EXERCISE MATERIALS: Begin
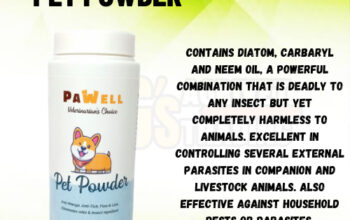 PAWELL PET POWDER 110 GRAMS / ANTI TICK AND FLEA / PARA SA ASO AT PUSA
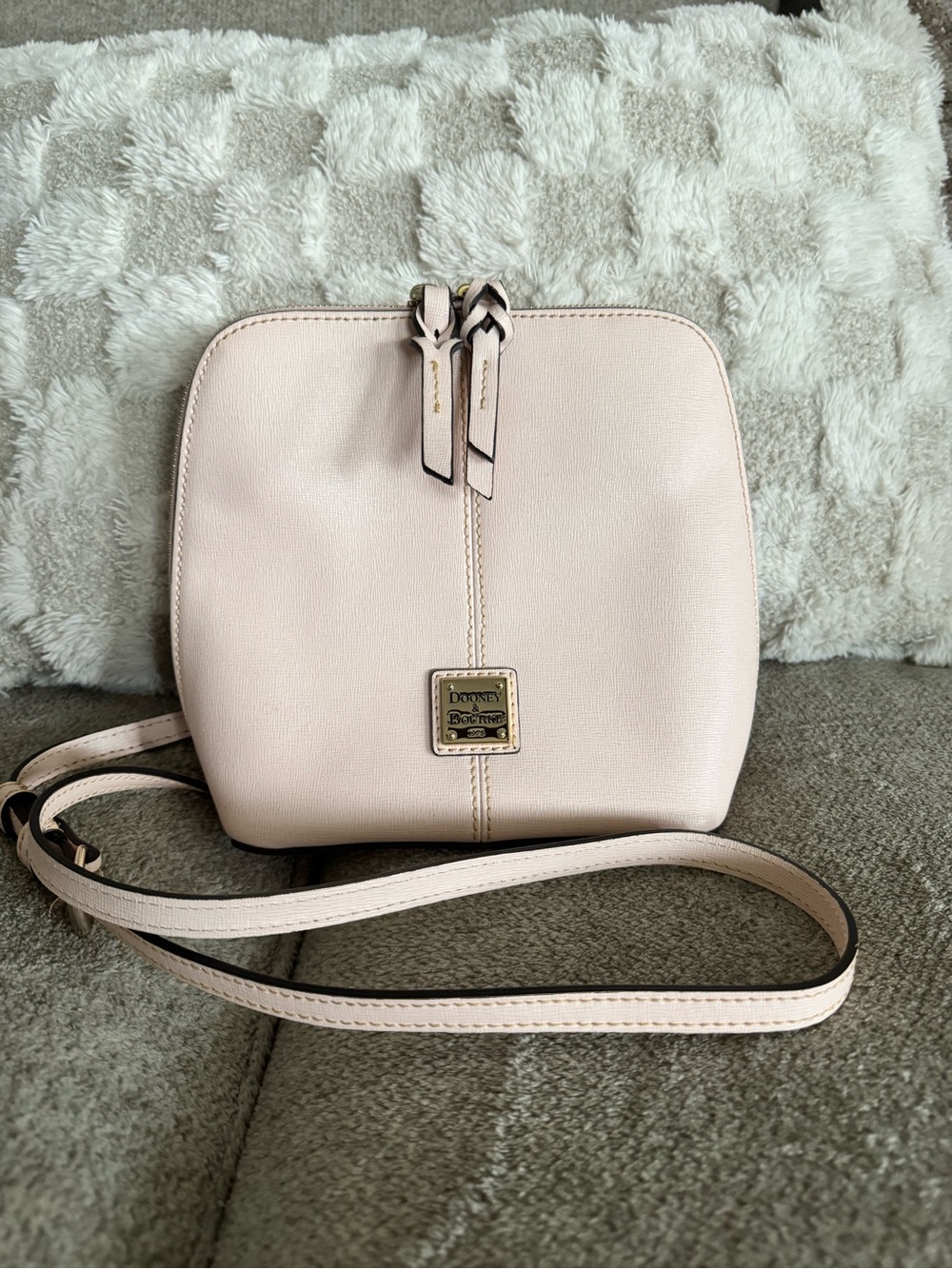 Dooney & Bourke Pale Pink Pebble Leather Crossbody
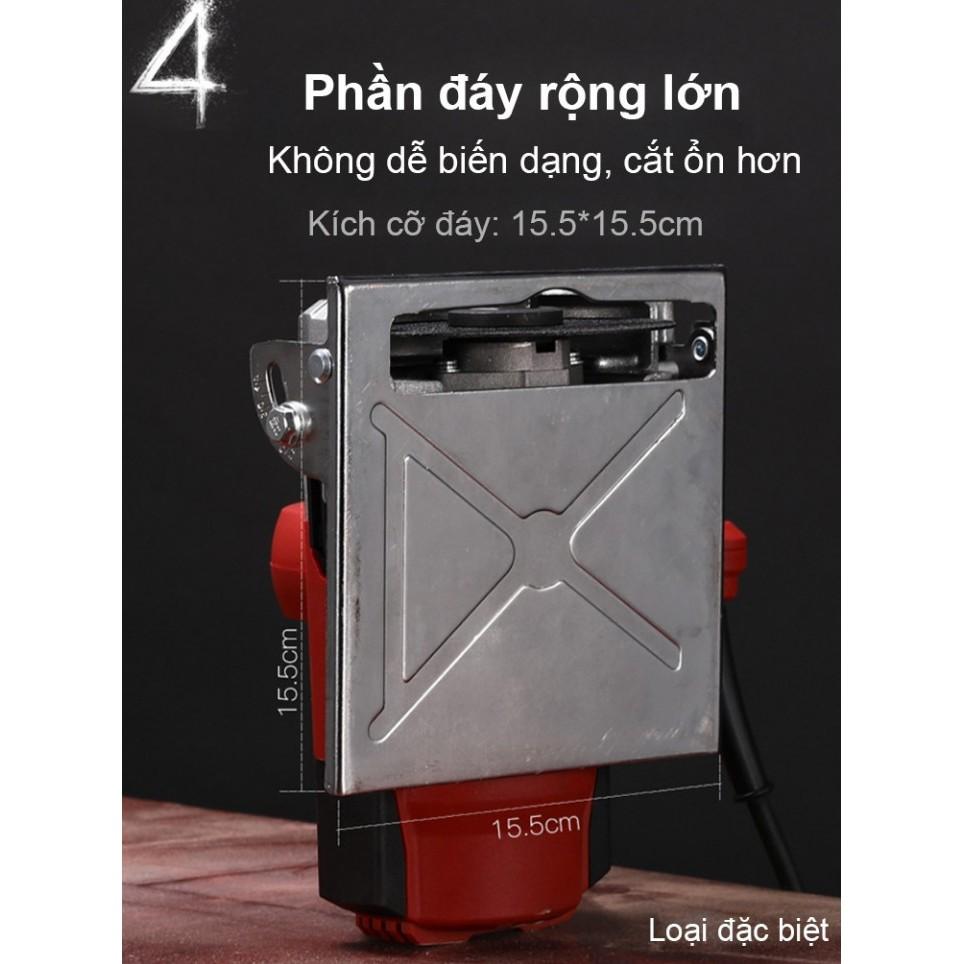 Máy cưa gỗ cầm tay, động cơ đồng chịu nhiệt công suất lớn 1900W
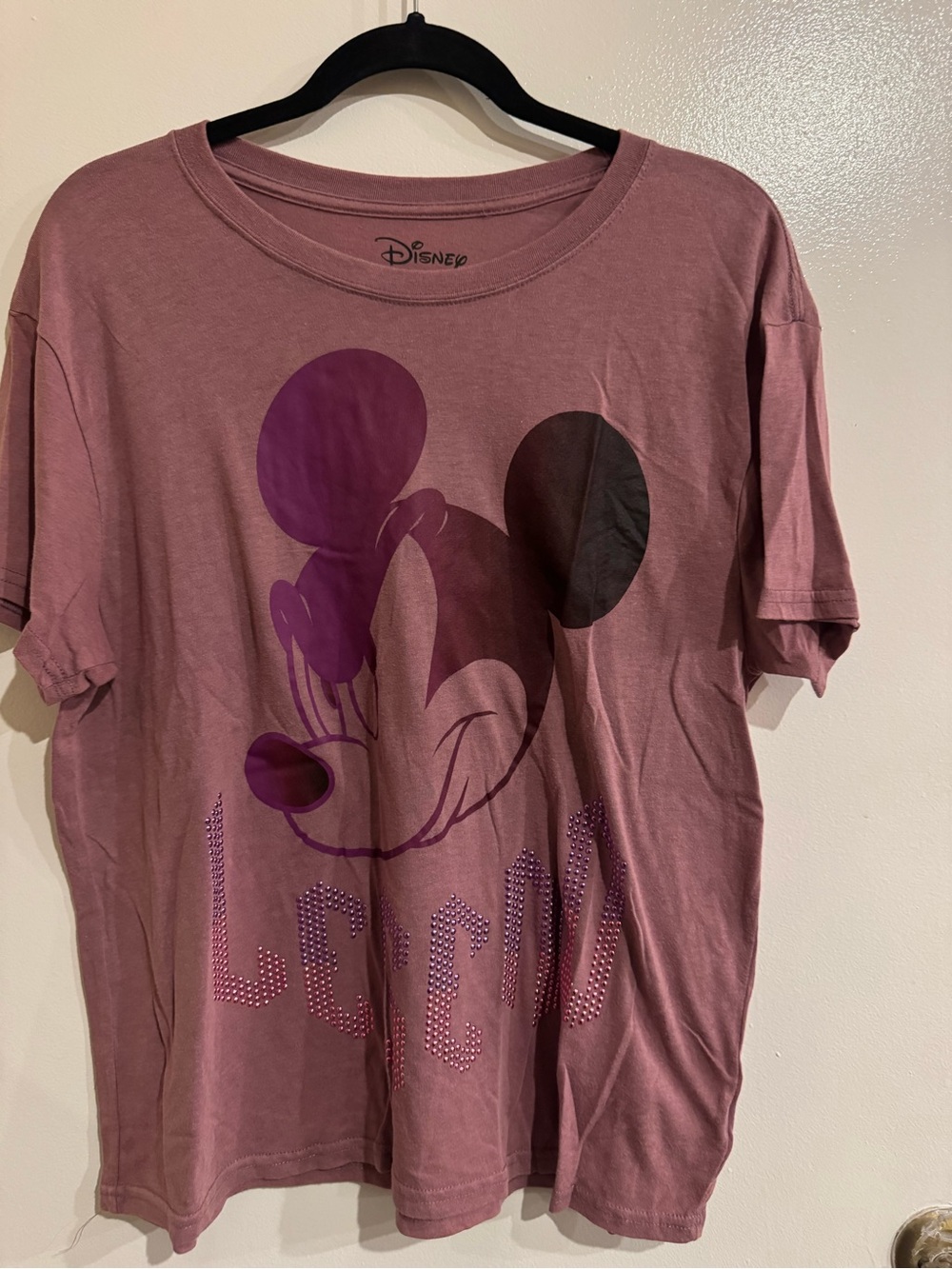 Disney Mickey Mouse ‘Legend’ Logo Tee
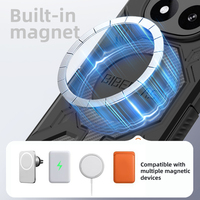 Étui de téléphone portable de luxe Premium BIBGCASE, design luxueux, TPU+PC, antichoc, compatible avec la recharge sans fil, pour Redmi 14 Pro Plus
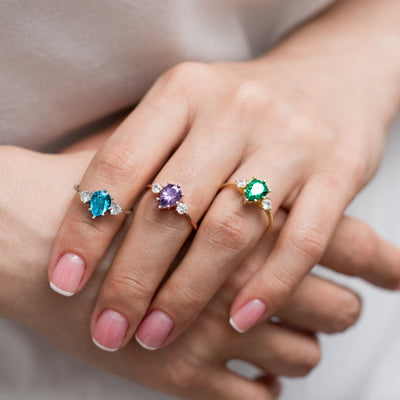 Cocktail Birthstone Ring - Glamoristic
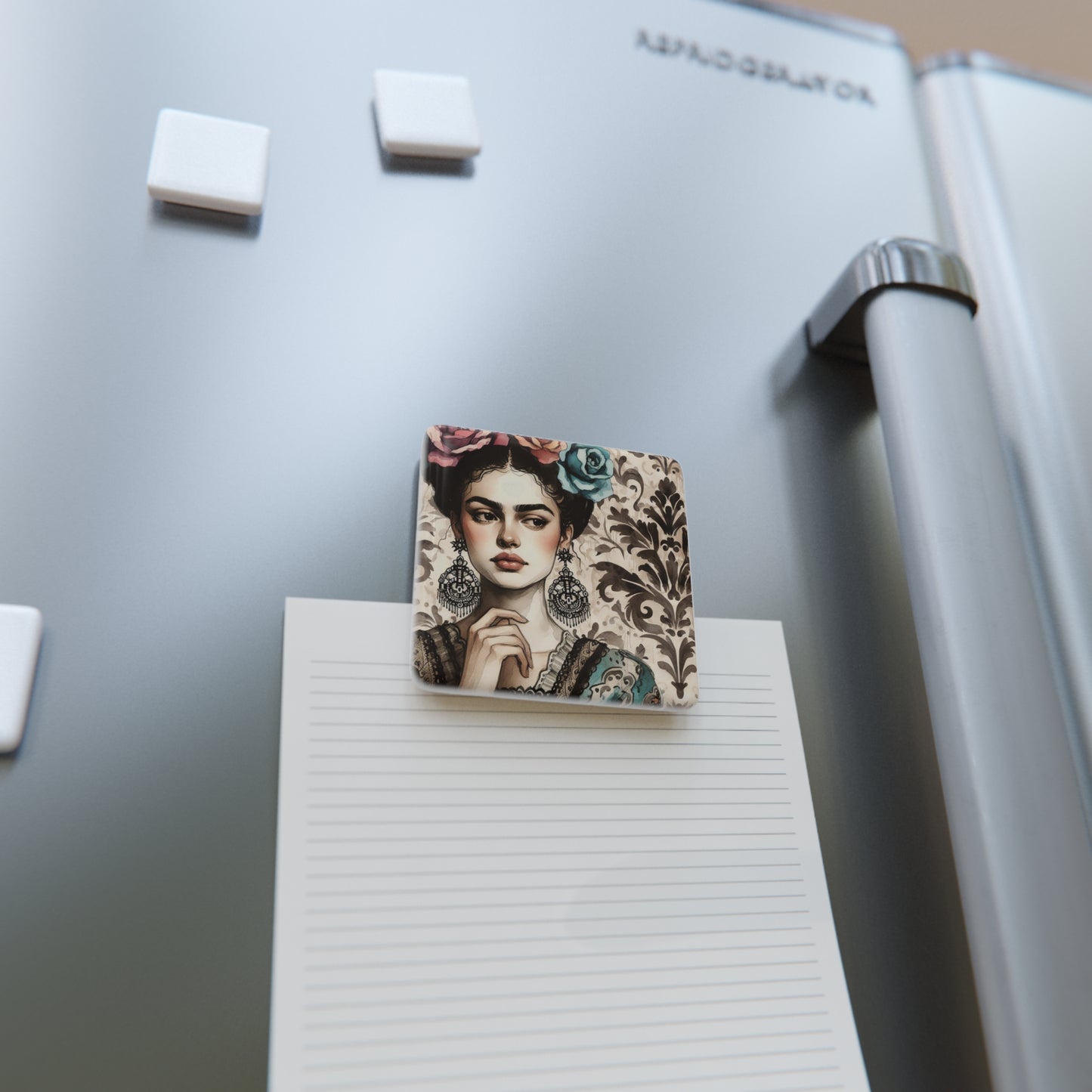 Frida Azul - Porcelain Magnet, Square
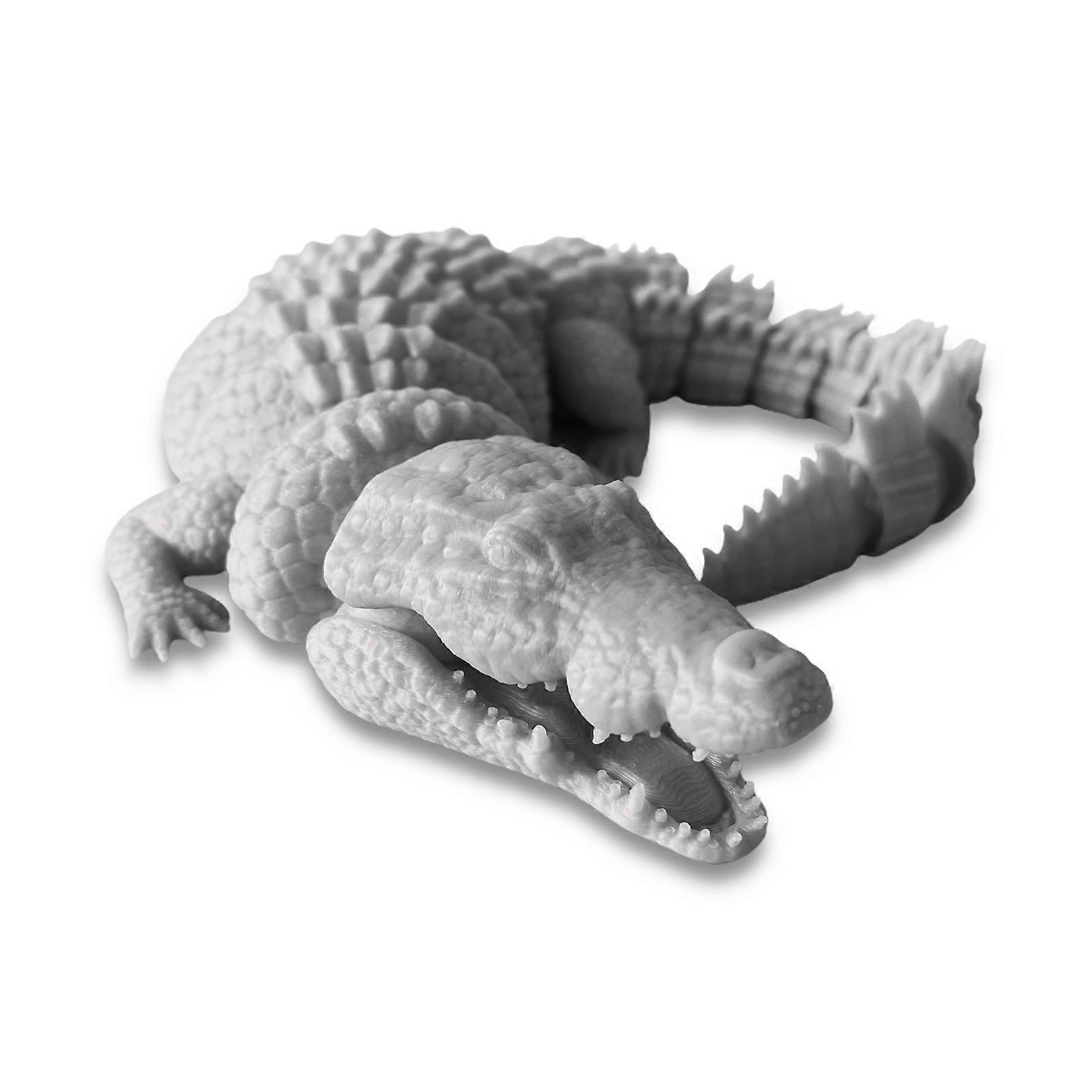 Creative Crocodile Shape Action Figure Decor 3D Print Vivid PLA Action Figure Model for Home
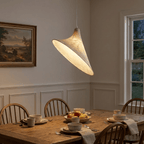 Lunaris Drift Silk Pendant Lamp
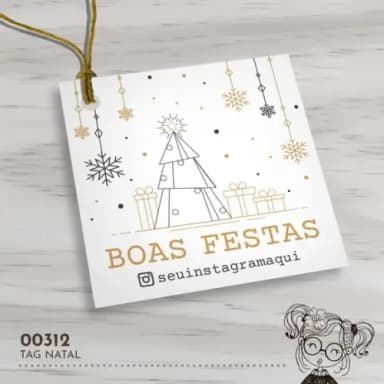 Tag Quadrada Natal - 00312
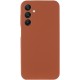 Чохол Silicone Cover Ummi Lakshmi Full Camera (AA) для Samsung Galaxy M35 5G Коричневий / Brown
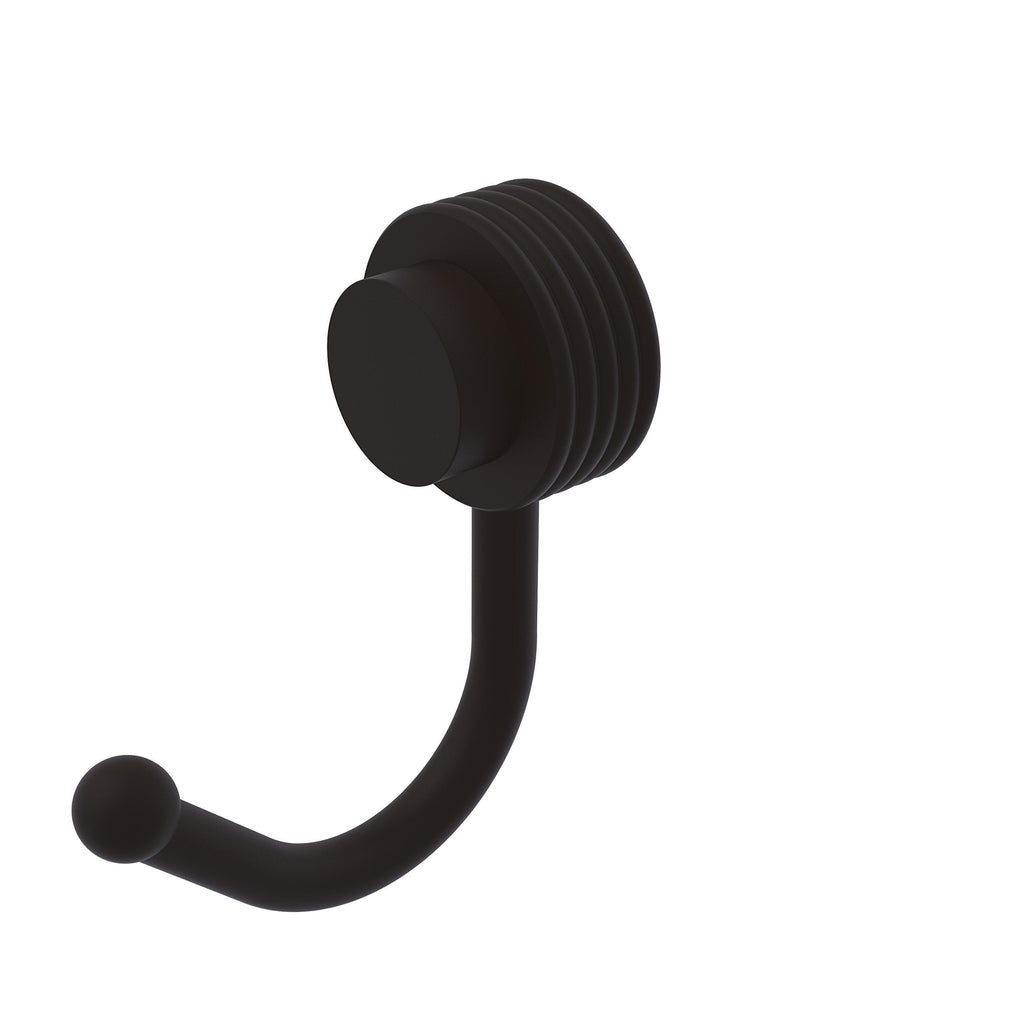 NewNest Australia - Allied Brass 420G-ORB Venus Collection Groovy Accents Robe Hook, Oil Rubbed Bronze 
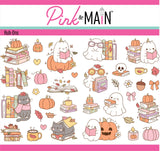 Fall Bookish Rub-ons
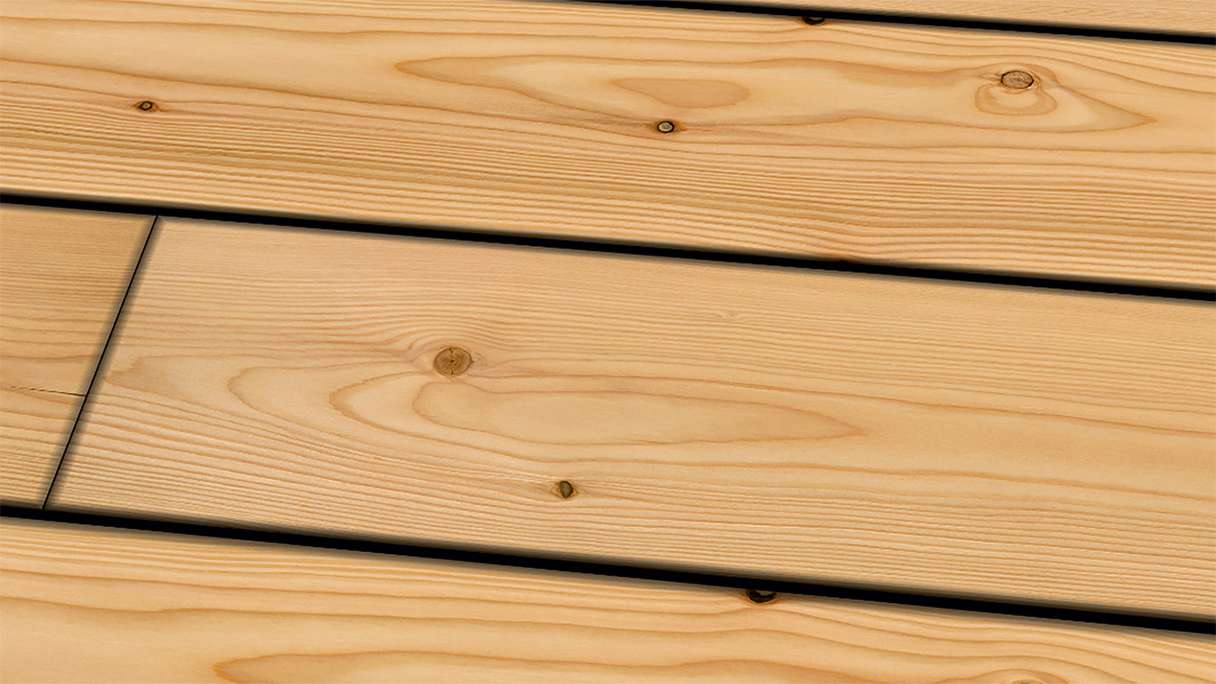 TerraWood Terrasse en bois - Mélèze canadien - lisse des deux côtés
EXERCISE MATERIALS: End
### WHAT THE EXERCISE ASKS
Extract, verbatim and alone, the lines from the line that contains "NewNest Australia - Allied" to the last line of the records, inclusive; drop any picture.

### OUTPUT FOR THIS EXERCISE
 NewNest Australia - Allied Brass 420G-ORB Venus Collection Groovy Accents Robe Hook, Oil Rubbed Bronze 
 Fall Bookish Rub-ons
 TerraWood Terrasse en bois - Mélèze canadien - lisse des deux côtés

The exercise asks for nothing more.